One clinical trial was started that was intended to directly compare OnDose-guided 5-FU dosing compared to standard dosing; the status of a non-U.S. trial is unknown; no other clinical trials have been found.
- NCT01468623 received November 2011, sponsored by Myriad Genetic Laboratories; the purpose of the study was to compare OnDose®-guided 5-FU dosing versus standard body surface area (BSA)-based dosing in patients with metastatic colorectal cancer treated with mFOLFOX6, with or without bevacizumab, to determine if the use of OnDose® achieves an improvement in the Overall Response Rate (ORR) relative to BSA dosing response. The study was terminated due to slow enrollment.
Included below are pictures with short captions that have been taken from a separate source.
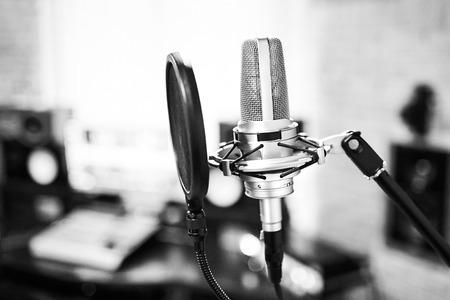 Silver condenser microphone with pop filter and anti-vibration mount. Music studio. Professional sound and voice recording instrument. Side view. Selective focus. Blurred background. Black and whiteの写真素材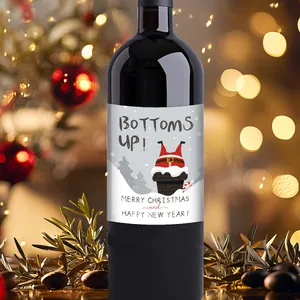 Close-up of waterproof Christmas wine labels with Santa Claus design on red wine bottles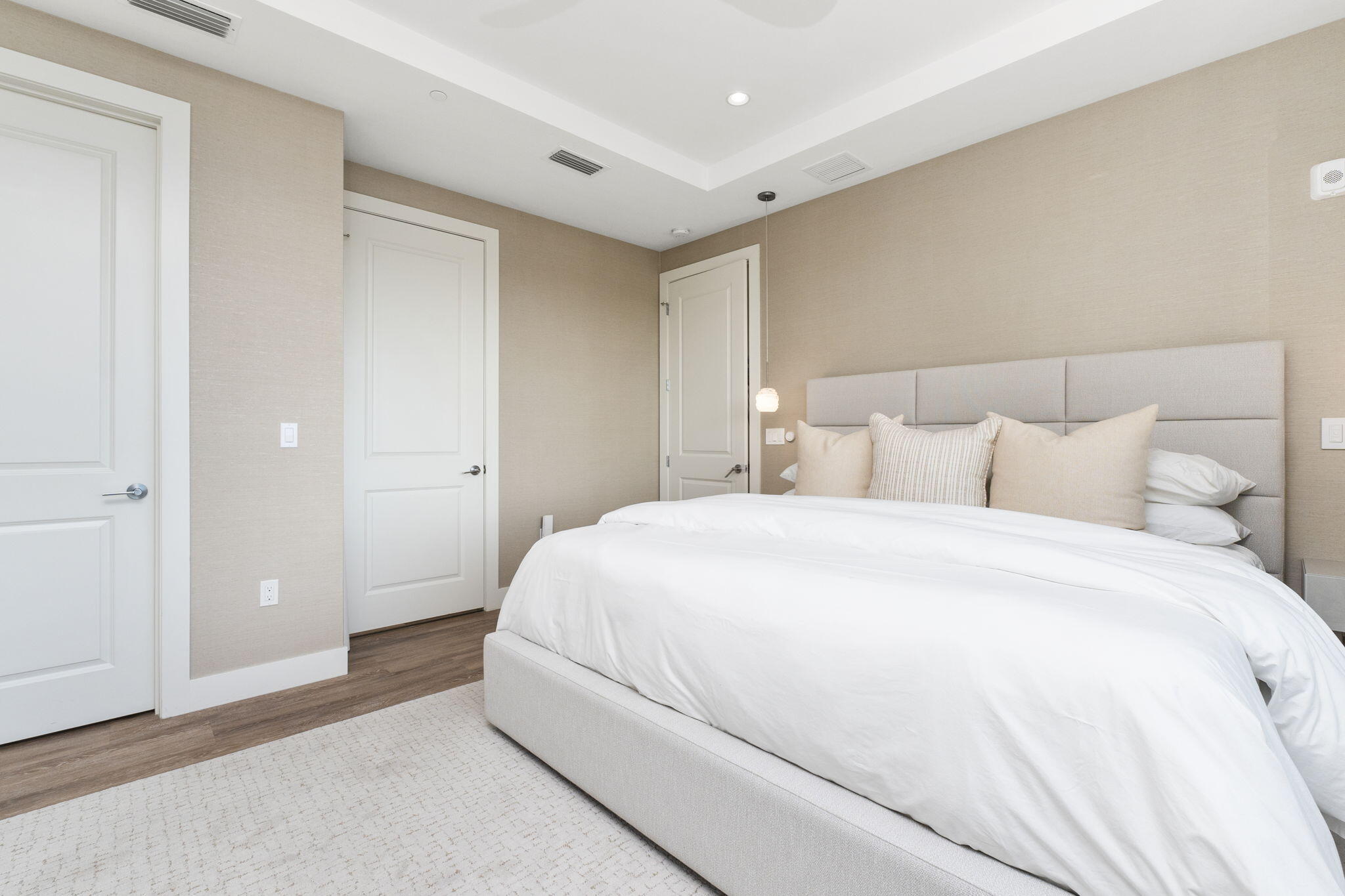 41 Southwest Seminole Street, Unit 206 Stuart, FL 34994 - Photo 38 of 72 a bedroom with a bed and a night stand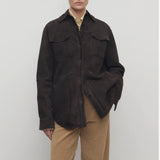 Front view of dark brown gwena jacket on model wearing khaki pants, against a white background.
- NCT00943137 (Singapore) will determine the proportion of Asian patients achieving a target area under the curve using a pharmacokinetically guided 5-fluorouracil dose; the trial will also determine the safety and tolerability of dose adjusted 5-FU (verified 9-2009; updated information not available). Per the online ClinicalTrials.gov database, the recruitment status of this trial has not been verified in 2 years. There are no related publications by the principal investigator.
Prior evidence supports the wide variability of 5-fluorouracil (5-FU) plasma levels when patients are placed on a fixed-dose regimen; high exposure is associated with toxicity, but higher exposure up to the limits of toxicity is also associated with better tumor response to treatment. Area under the curve laboratory testing methods to better measure 5-FU exposure during treatment of cancer and validated algorithms to modify subsequent dosing may improve response and reduce toxicity, but currently available evidence is insufficient to support such testing. Because the impact of this testing on net health outcome is not known, this is considered experimental, investigational and unproven.
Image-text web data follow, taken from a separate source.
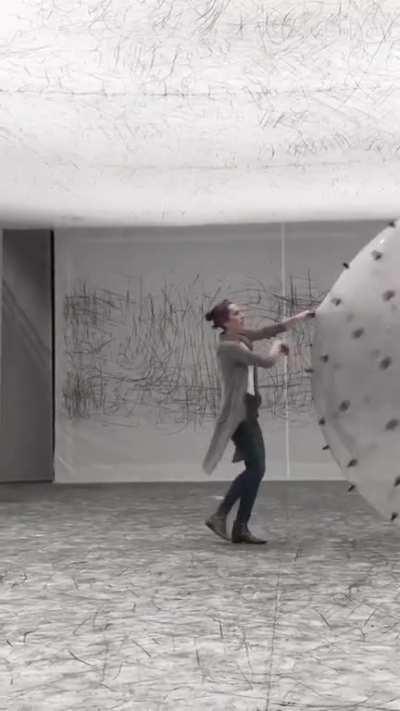 Interactive art exhibit that draws on the walls, floors, and ceiling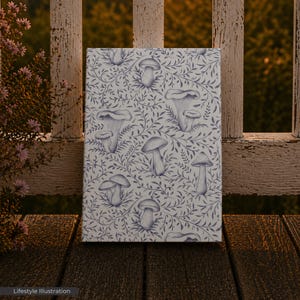May include: A canvas print featuring a repeating pattern of stylized mushrooms and foliage in shades of blue and white. The artwork is displayed on a wooden surface with a weathered white fence in the background. The words "Lifestyle Illustration" are at the bottom.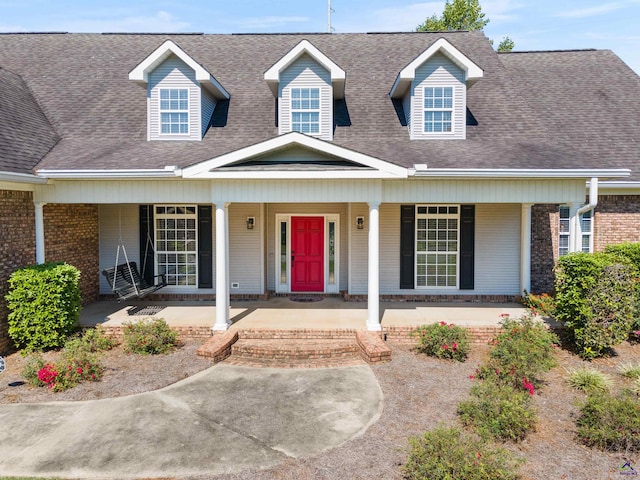 cape cod house featuring covered porch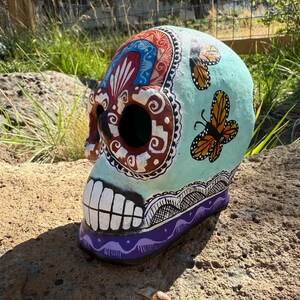 May include: A hand-painted Day of the Dead skull with a light blue background and butterfly accents. The skull features intricate designs in red, white, and black, with a purple base and white teeth. A decorative piece.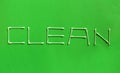 Clean is the word made up with cotton swabs on green background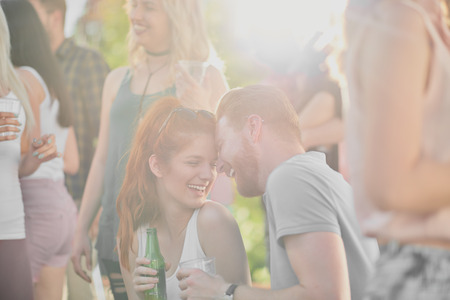 Ginger couple flirting and drinking at outdoor partyの写真素材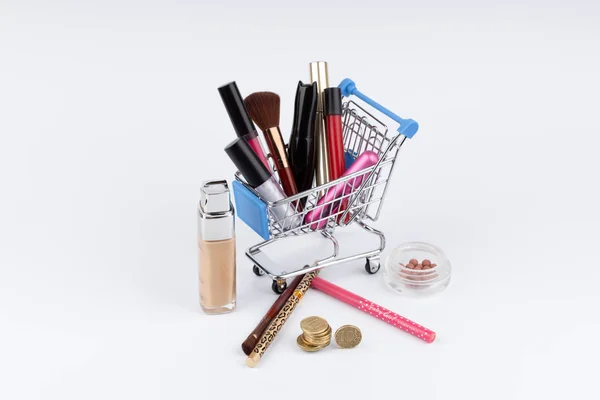 Carrinho de compras com cosméticos e dinheiro sobre fundo branco — Fotografia de Stock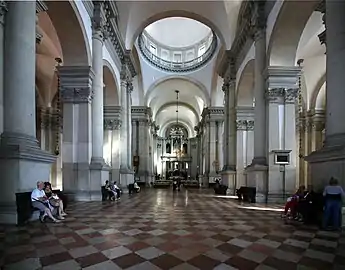 Image de l'intérieur d'une nef d'église avec des colonnades et arches de chaque côté, un pavement à damier, une coupole en hauteur et au fond un autel.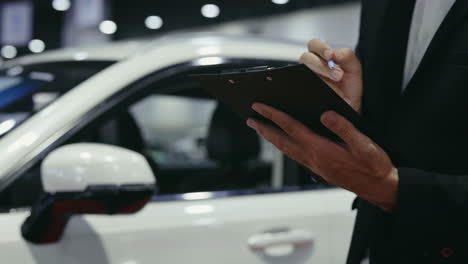salesman reviewing car details
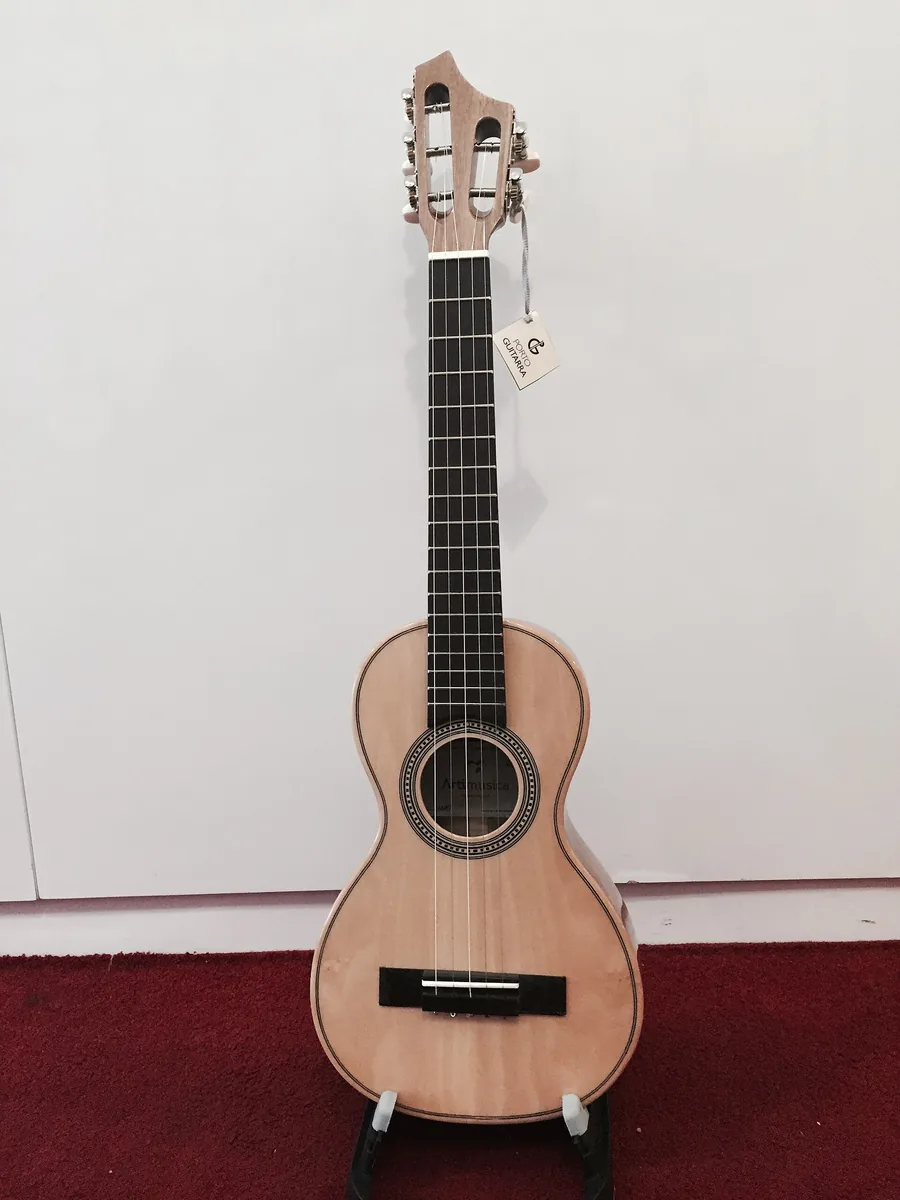 A rajao, a small guitar-like instrument of the type played in Madeira, shown against a plain background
Practice Guidelines and Position Statements
National Comprehensive Cancer Network (NCCN) Guidelines
NCCN guidelines for colon cancer (version 3.2013) make no mention of the use of area under the curve-guided 5-FU dosing.
Disclaimer for coding information on Medical Policies
Procedure and diagnosis codes on Medical Policy documents are included only as a general reference tool for each policy. They may not be all-inclusive.
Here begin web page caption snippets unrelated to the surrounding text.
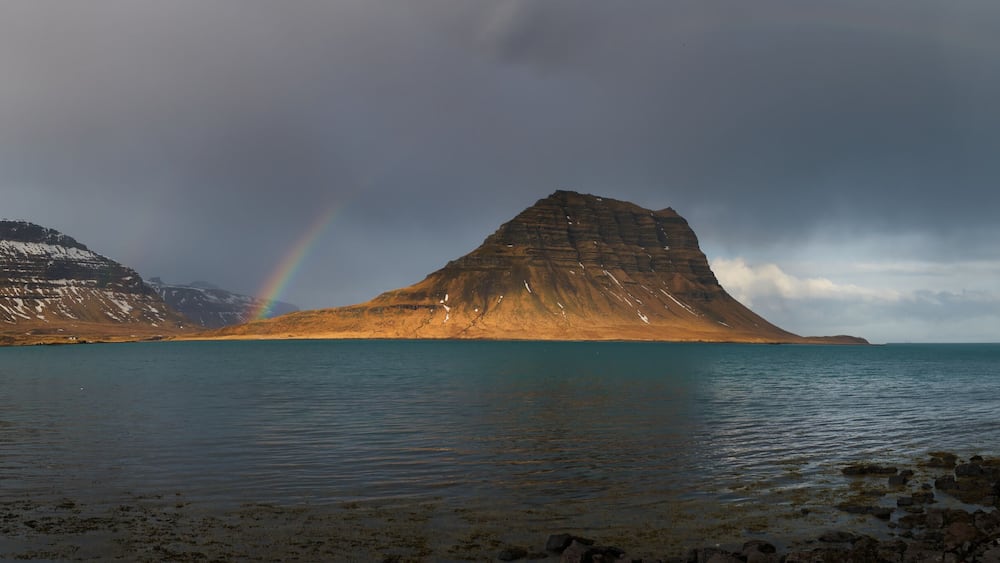 A coastal landscape with a prominent rock formation, a calm sea, and two rainbows.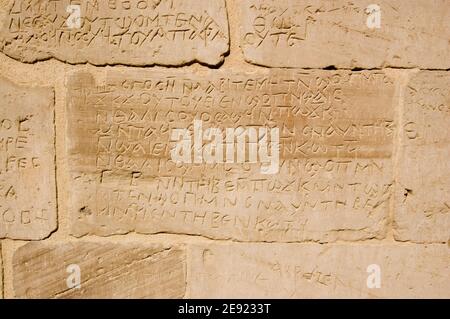 Alte griechische Schrift in die Wand eines alten ägyptischen Tempels in Deir el Medina, Luxor, Ägypten geschnitzt. Stockfoto
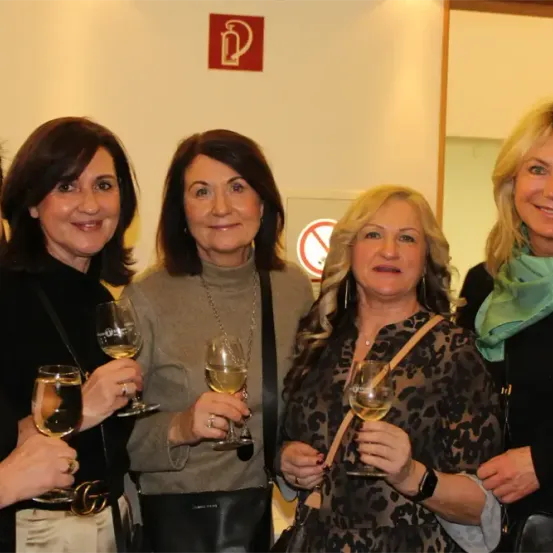 Fünf Frauen stehen in einer Indoor-Umgebung, lächeln und halten Weingläser. Eine Frau trägt ein grünes Tuch. Hinter ihnen hat eine Wand ein Feuerlöscher-Schild und ein Rauchverbotsschild.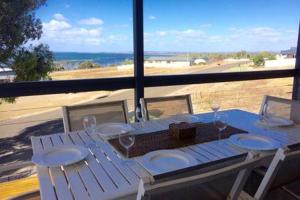 a white table with chairs and a view of the ocean at Bayview Beach House Apartment No 1 in Kingscote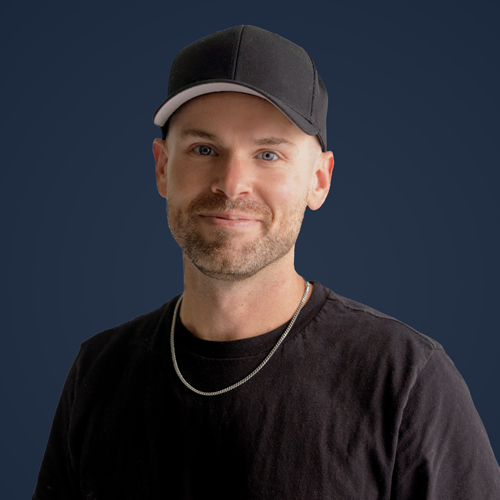 Man with short beard wearing black cap, black shirt, and silver chain necklace against a dark background.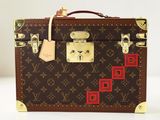 une valise marron et rouge posée sur une surface blanche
The presence or absence of procedure, service, supply, device or diagnosis codes in a Medical Policy document has no relevance for determination of benefit coverage for members or reimbursement for providers. Only the written coverage position in a medical policy should be used for such determinations.
Benefit coverage determinations based on written Medical Policy coverage positions must include review of the member’s benefit contract or Summary Plan Description (SPD) for defined coverage vs. non-coverage, benefit exclusions, and benefit limitations such as dollar or duration caps.